Lavorano con i fiorentini al freddo e nel fango e nell’acqua mista a nafta, puzzolente di deiezioni, tra carcasse di mucche e maiali trasportate dall’acqua, alberi sradicati dalla furia in piena che aveva travolto tutto a 70 km all’ora sommergendo 3.000 ettari dell’area più estesa mai colpita dalle 180 alluvioni storiche dell’Arno, lasciando 35 morti, migliaia di feriti, 70.000 famiglie alluvionate, e nel fango circa 26.000 tra negozi, officine, fabbriche, laboratori, tipografie, botteghe artigianali, librerie, cantine. Iniziarono loro a spalare fango, a consegnare cibo e acqua, a salvare preziosi e antichissimi documenti storici dalla distruzione, a ripulire strade e cantine e appartamenti, ad aiutare gli anziani e i malati.

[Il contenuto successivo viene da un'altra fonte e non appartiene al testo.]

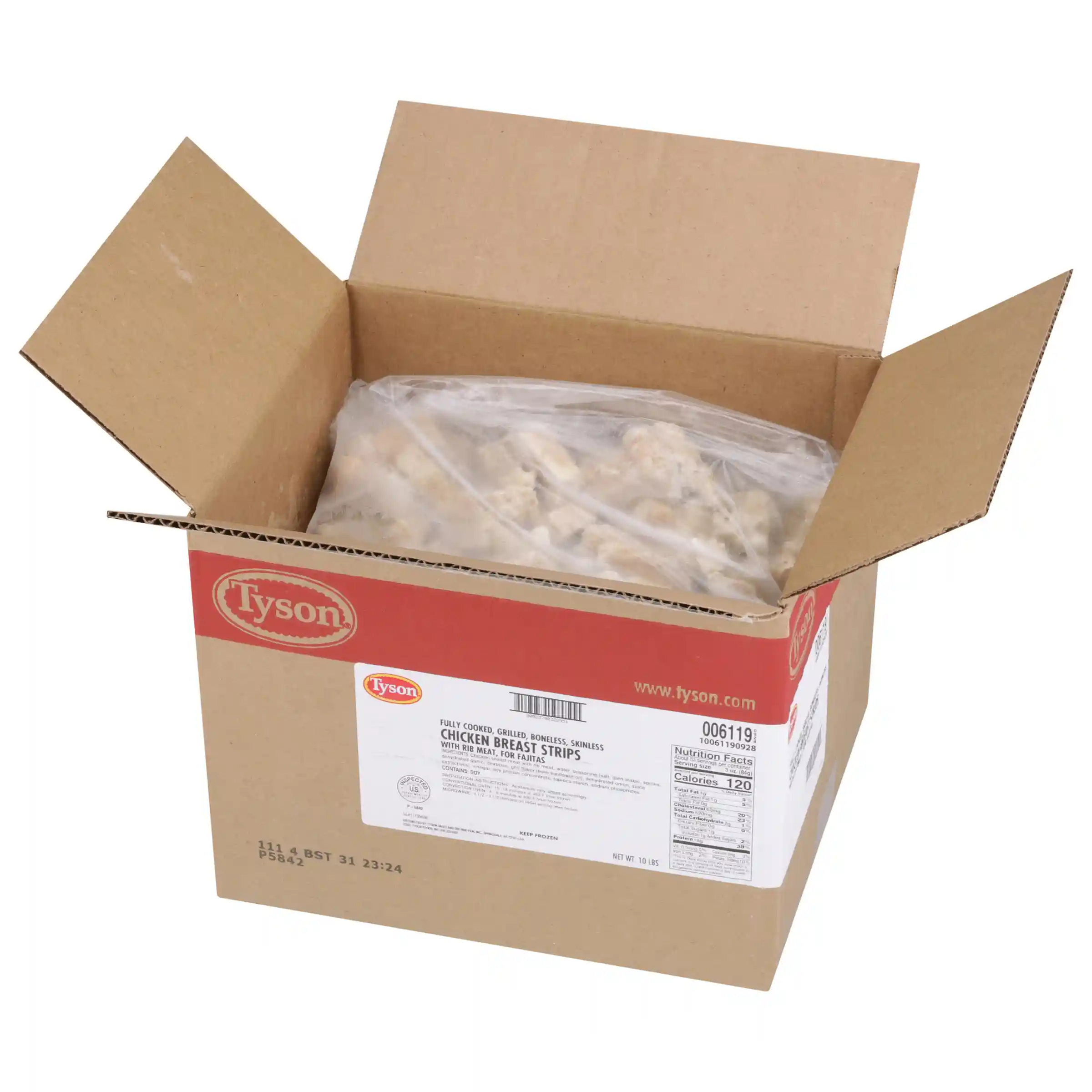 Tyson® Fully Cooked Fajita Chicken Breast Strips_image_4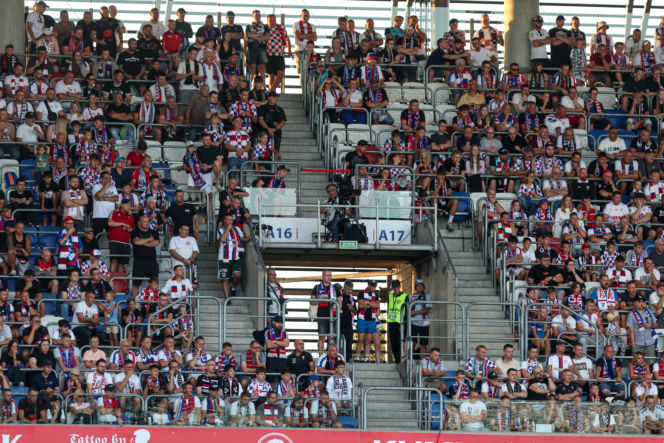 Górnik Zabrze - Ferencvaros: Zdjęcia kibiców z meczu 3. rundy eliminacji Ligi Europy
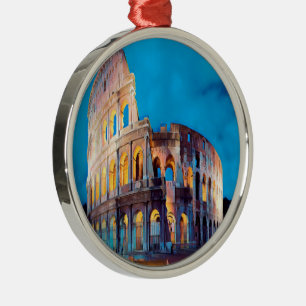 ldp COLOSSEUM Rome - by nigth - Metal Tree Decoration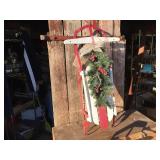 (2) Vintage Wood/Metal Runner Sleds - Flexible Flyer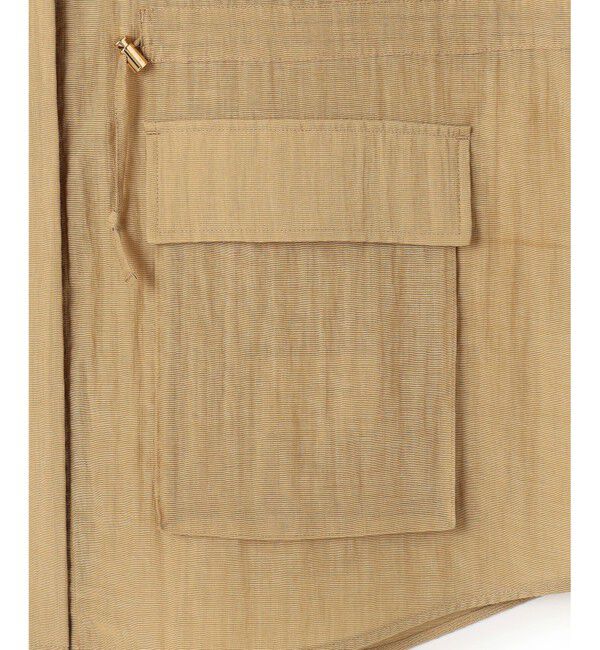 23区「【見上愛さん着用】リネンミックスシアースラブ ミリタリージャケット」|シャツ・ブラウス|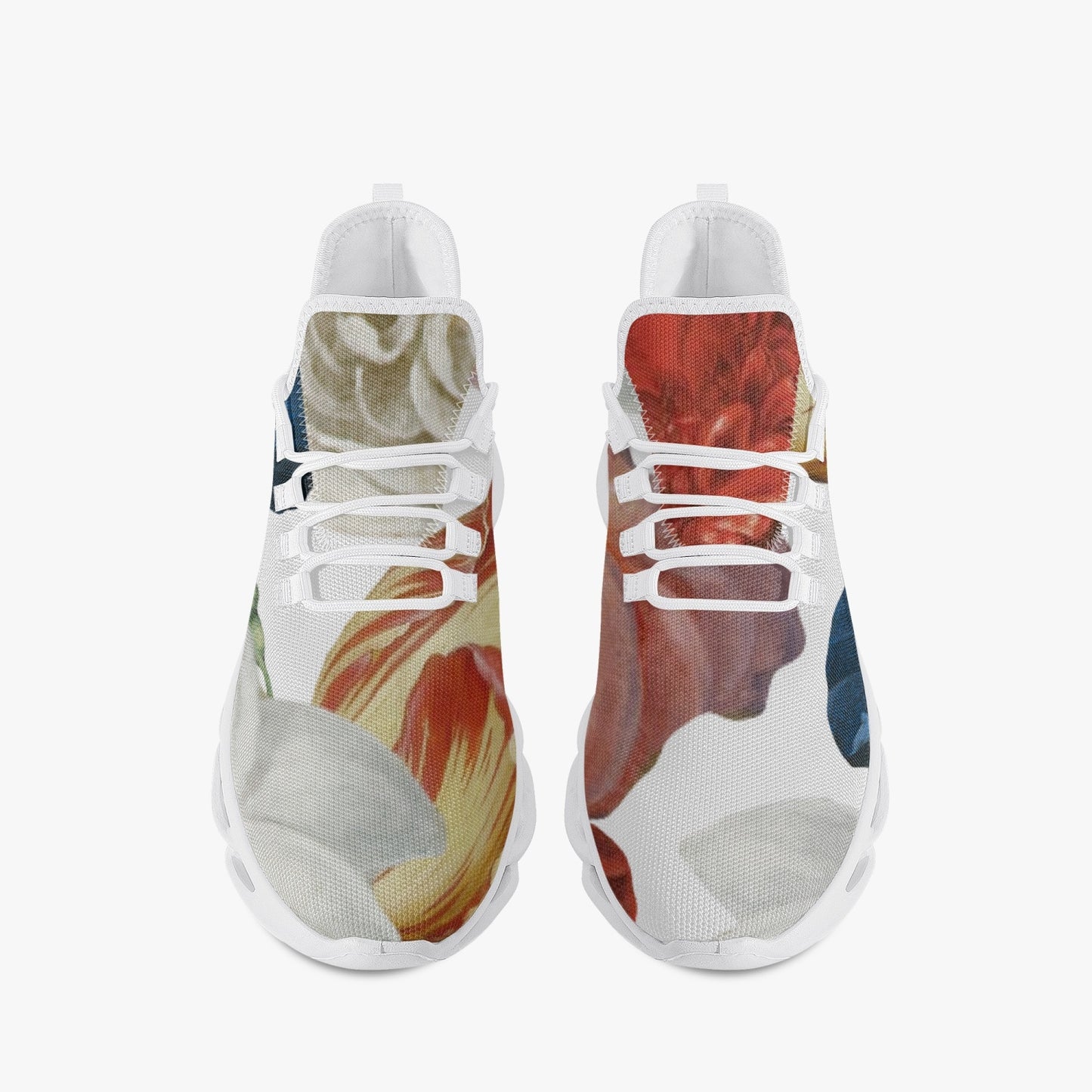 Flooded Vibes Mesh Knit Sneakers - White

La città li accolse come poteva, tra case del popolo, parrocchie, sedi sindacali e di partiti. Alla stazione, su un binario morto, sei carrozze furono trasformate in un “Hotel su rotaie”, ma con c’era strada alluvionata, piazza, museo, chiesa, biblioteca dalle quali non uscivano infangati, stanchi ma sorridenti squadre di giovani volontari, le stesse immagini in bianco e nero dei giovanissimi volontari di Casamicciola. In centinaia fecero il miracolo alla Biblioteca Nazionale, formando lunghe catene umane e portando in salvo milioni di libri e preziosissimi materiali storici, affiancando poi anche i soldati di leva che man mano furono dislocati a Firenze.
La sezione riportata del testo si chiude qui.